Faced with pill-seeking addicts toting prescriptions they forged or cadged from doctors, pharmacists must resist the temptation to look the other way and make the sale, Tuggle said.

“If you ever find yourself second-guessing whether you should dispense or not, you are probably right,” he continued.

Some pharmacists at the conference noted that their corporate bosses urge them to move more meds. They are encouraged to call customers promptly at refill time, and always ask if they need anything else.

But Dashner said the DEA’s message resonated.

“The profession of pharmacy, yeah, it’s a business,” he said. “But above that, it’s a health care business.”

Sometimes in refusing to fill a prescription, he said, “the health service you’re providing to the individual and the community is much greater than the money lost.”

“We have always heard that we’re the last line (of defense against abuse), and we always have the option to say no,” said Vince Politi, a pharmacist for a long-term care pharmacy who attended the conference. “I’ve had to turn people away. … It’s very difficult when you have a patient who’s there with a legitimate prescription and condition.”

Pharmacists can “have that conversation” with a customer “saying, you might have a dangerous problem here,” Gary Tennis, the Pennsylvania secretary of drug and alcohol programs, said in a phone interview. “I think they have a role of making sure (doctors) aren’t hurting people.”

Overdose deaths reach new high

Fatal drug overdoses reached a new high in 2014, killing nearly 50,000 Americans, according to the Centers for Disease Control and Prevention. Twice as many Americans died from drug overdoses in 2014 as in 2000.

Most of the deaths involved heroin or painkillers like OxyContin. These drugs accounted for 28,647 deaths in 2014, or 61 percent of the overdose deaths. Deaths from heroin and narcotic painkillers increased 14 percent last year, to 9 per 100,000 from 7.9.
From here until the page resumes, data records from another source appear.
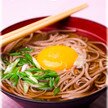 mì soba Nhật, trứng trần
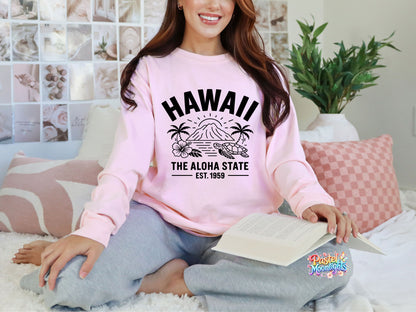 Hawaii The Aloha State DTF Print Ready to Press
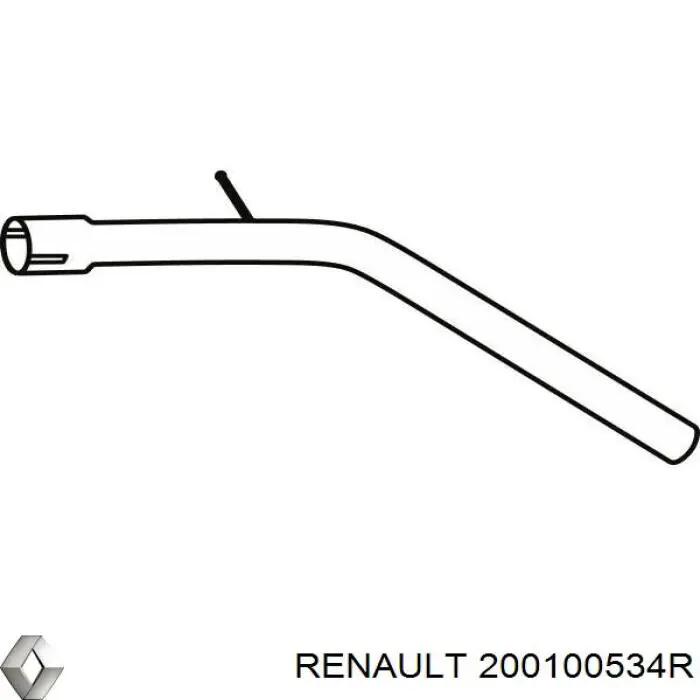 200100534R Renault (RVI) труба выхлопная, от катализатора до глушителя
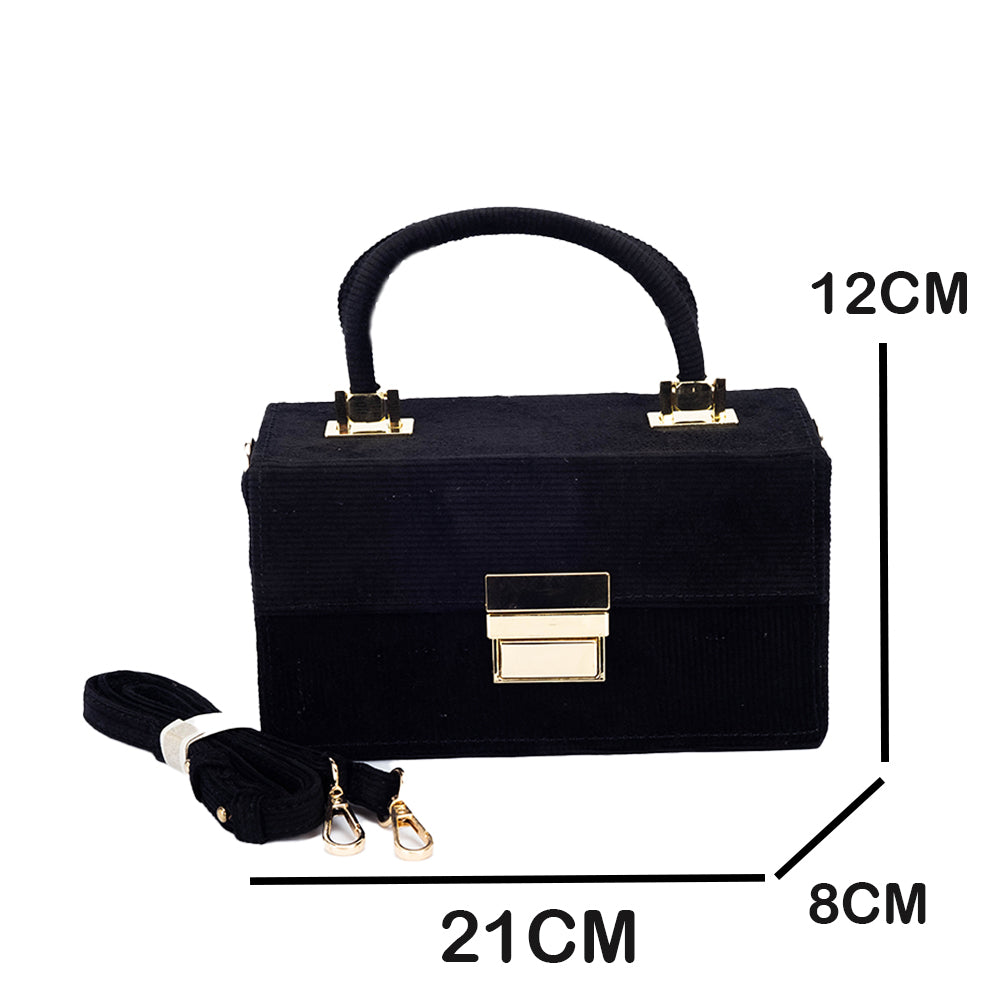 Dollcini Geantă Mini de Umăr Antifurt – Geantă de Telefon pentru Femei din Catifea Cotelé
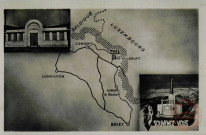 Carte géographique Thil - Son four crématoire installé par la Gestapo - Son usine souterraine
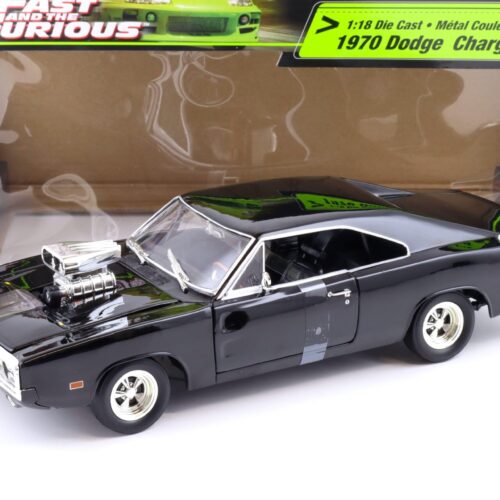 1:18 ERTL Joyride 1970 Dodge Charger "The Fast and the Furious" black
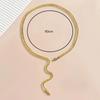 Exaggerated Metal Snake Winding Collar Y-Shaped Necklace Bracelet Set Adjustable Personality Niche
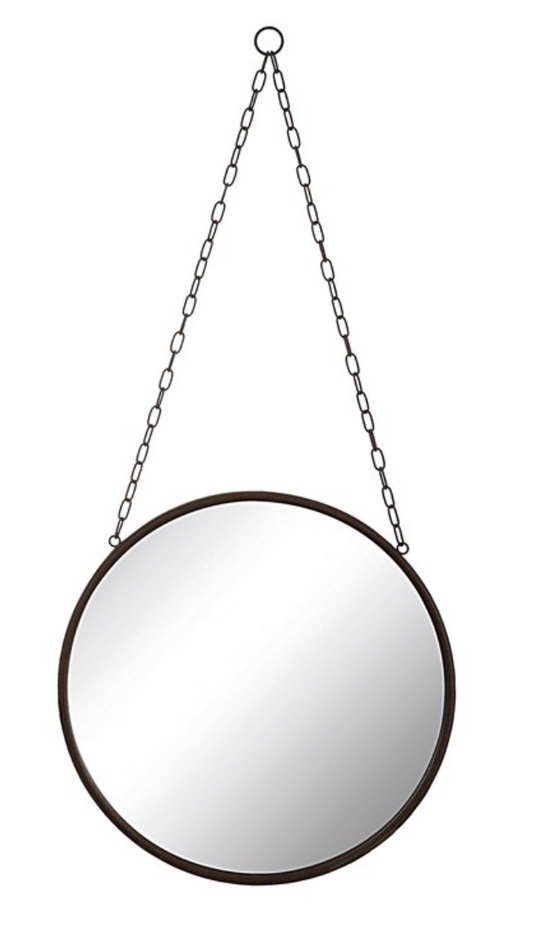Round Framed Mirror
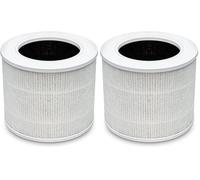 LEVOIT Filtre de rechange pour purificateur d'air HEPA 3 en 1, charbon actif à haute efficacité, noyau mini-RF blanc (Lot de 2)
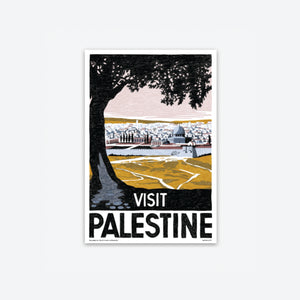 "Visit Palestine" Sticker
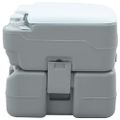 vidaXL Kempingové WC Šedý a biely 41,5 x 36,5 x 37,5 cm Polyetylén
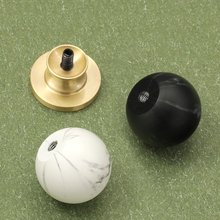 Load image into Gallery viewer, Round Brass &amp; Aluminum Knobs &amp; Pulls (Gold, Chrome) | Cabinet, Drawer, Dresser &amp; Kitchen Hardware
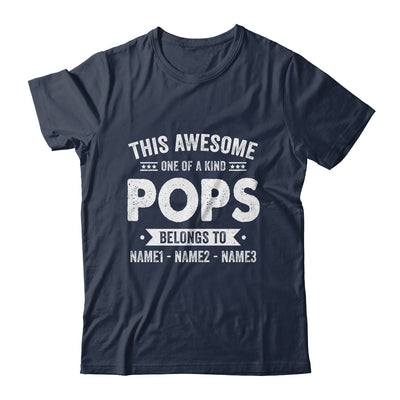 Personalized Custom Kids Name This Awesome Pops Belongs To Kids Custom Pops With Kid's Name For Men Fathers Day Birthday Christmas Shirt & Hoodie | teecentury
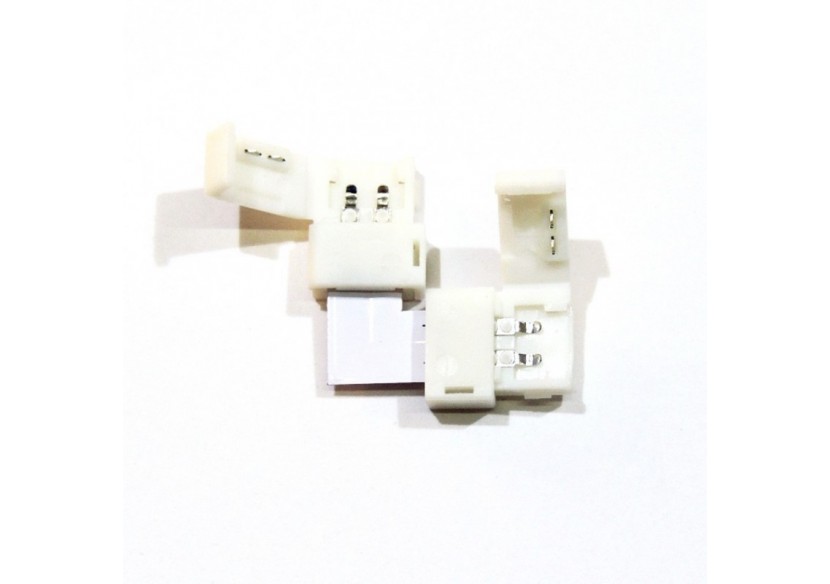 Connecteur d'angle 90 degrés pour rubans LED 8mm - B1696 - Barcelona LED Connecteur d'angle 90 degrés pour rubans LED 8mm - B1696 - Barcelona LED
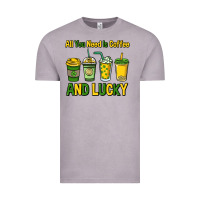 Vintage Zinc All you need is coffee and lucky St. Patrick's Vintage Tee - HowdyJamesFarm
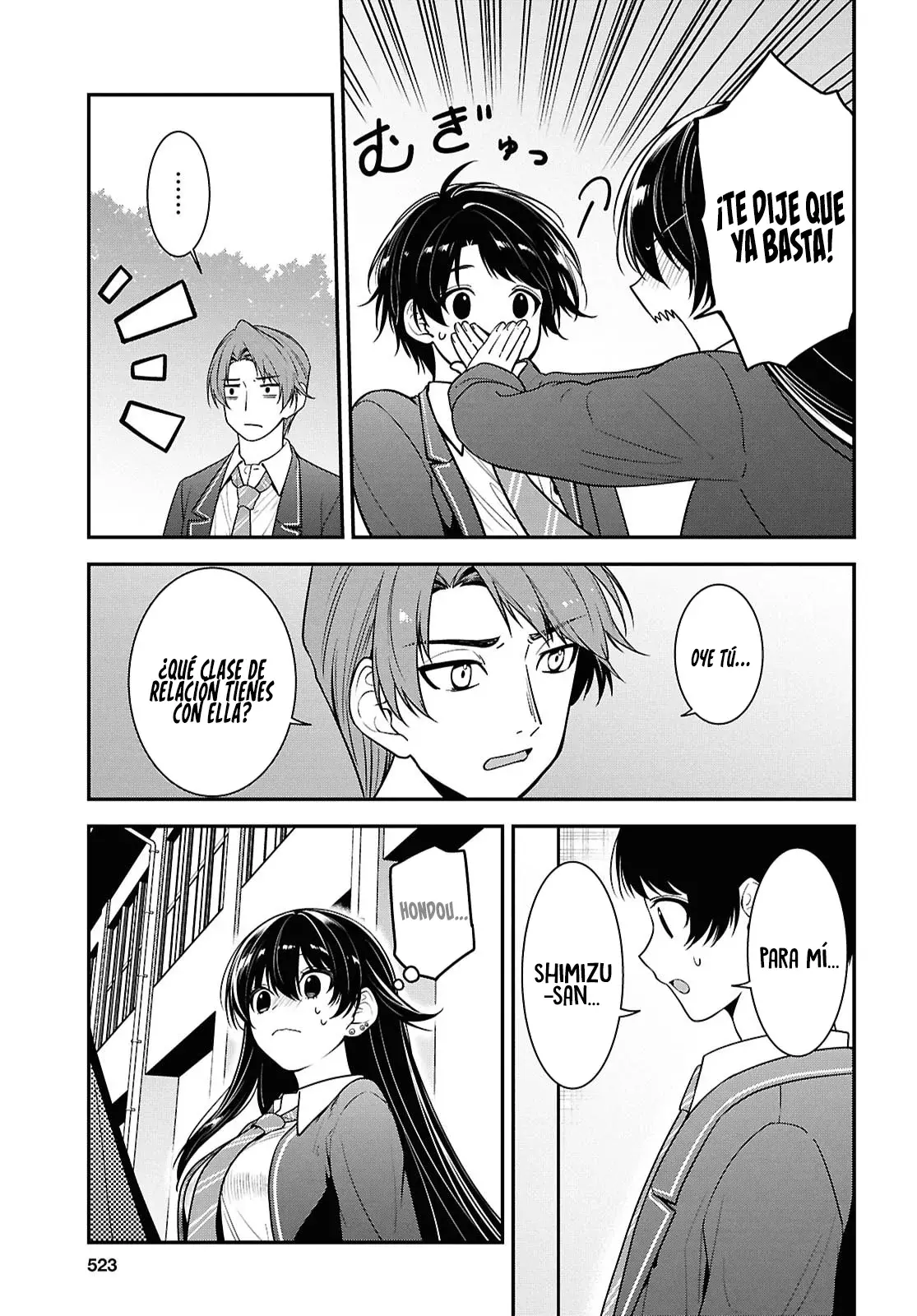 Tonari no Seki no Yankee Shimizu-san ga Kami wo Kuroku Somete Kita Capitulo 9 página 28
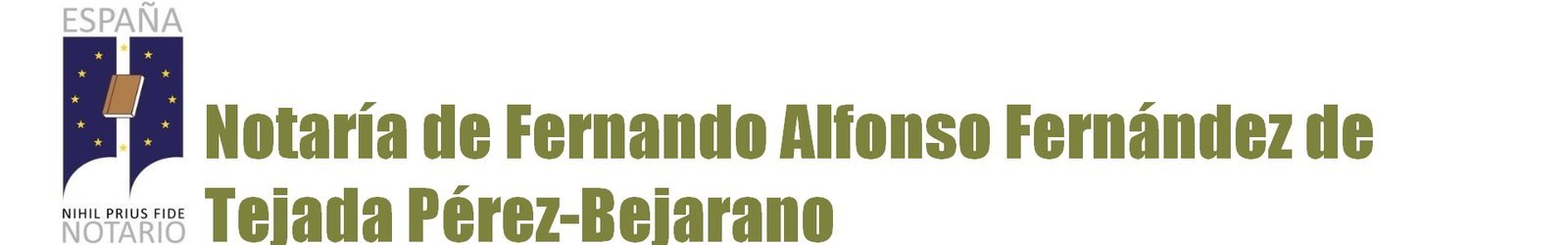 Notaría Fernando Alfonso Fernández de Tejada Pérez-Bejarano en Jerez de los Caballeros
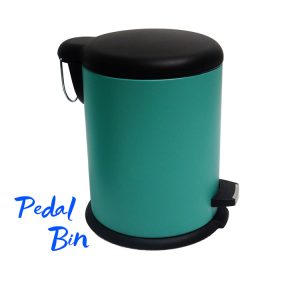 green coating trash can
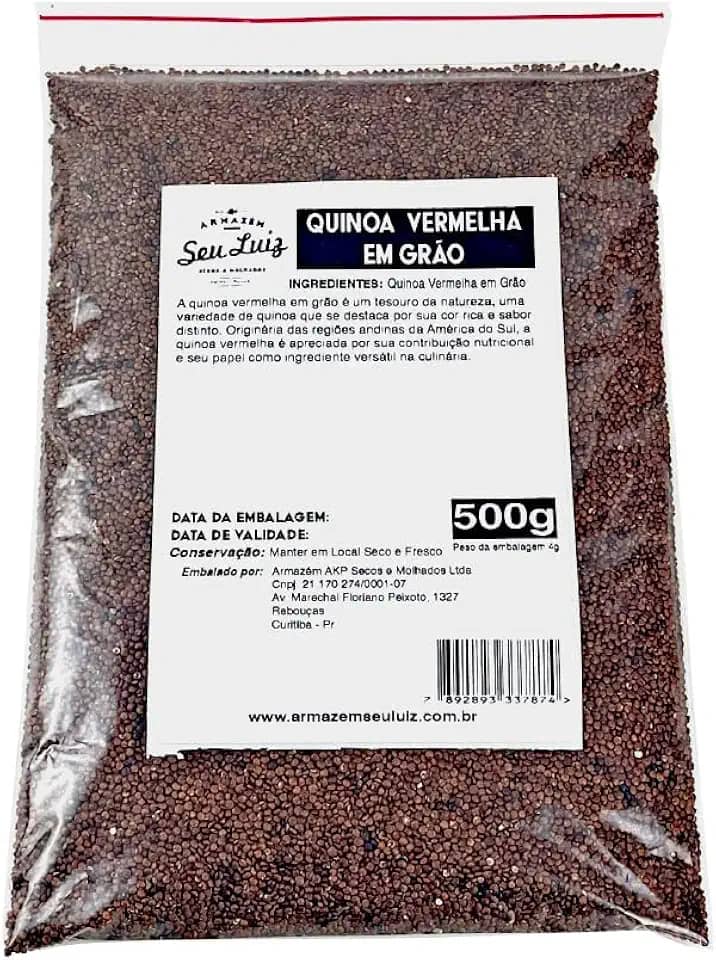 Quinoa Vermelha em Grão 500g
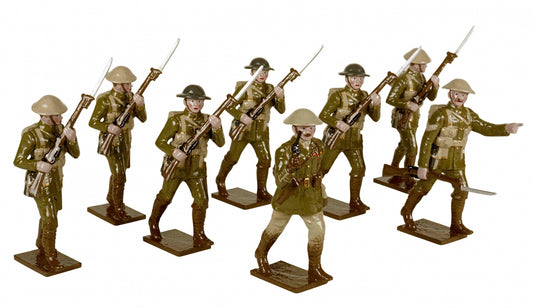 Collectible toy soldier miniature set British Infantry 1916.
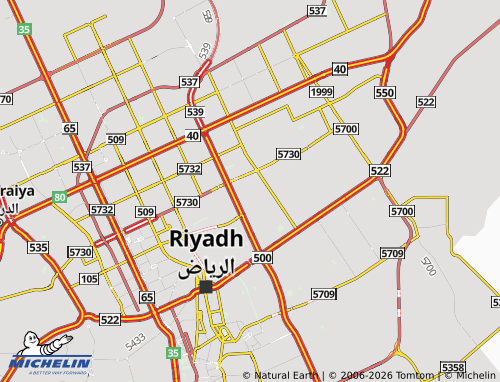 MICHELIN Al Quds map - ViaMichelin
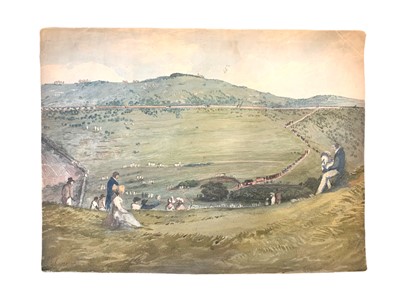 Lot 53 - [Napoleon] Vidal. Funeral Procession to the grave of Bonaparte, 1821 original watercolour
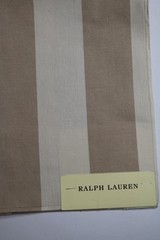 Ralph Lauren Fabric Remnant 25″x26″ “Emeline Stripe” Color: Bisque Portugal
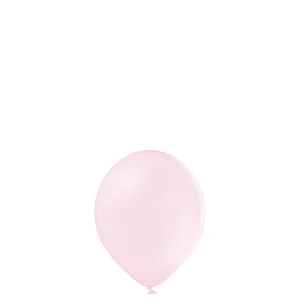 Maigi rozā Belbal pasteļbaloni 13 cm, 100 gab.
The national numbers were affected mainly by increases in deaths in 14 states: Alabama, Georgia, Illinois, Indiana, Maine, Maryland, Massachusetts, Michigan, New Hampshire, New Mexico, North Dakota, Ohio, Pennsylvania and Virginia. The other states had no significant increases compared with 2013.

Among the states with the highest overdose death rates — West Virginia, New Mexico, New Hampshire, Kentucky and Ohio — two, Kentucky and West Virginia, had no significant increases from 2013.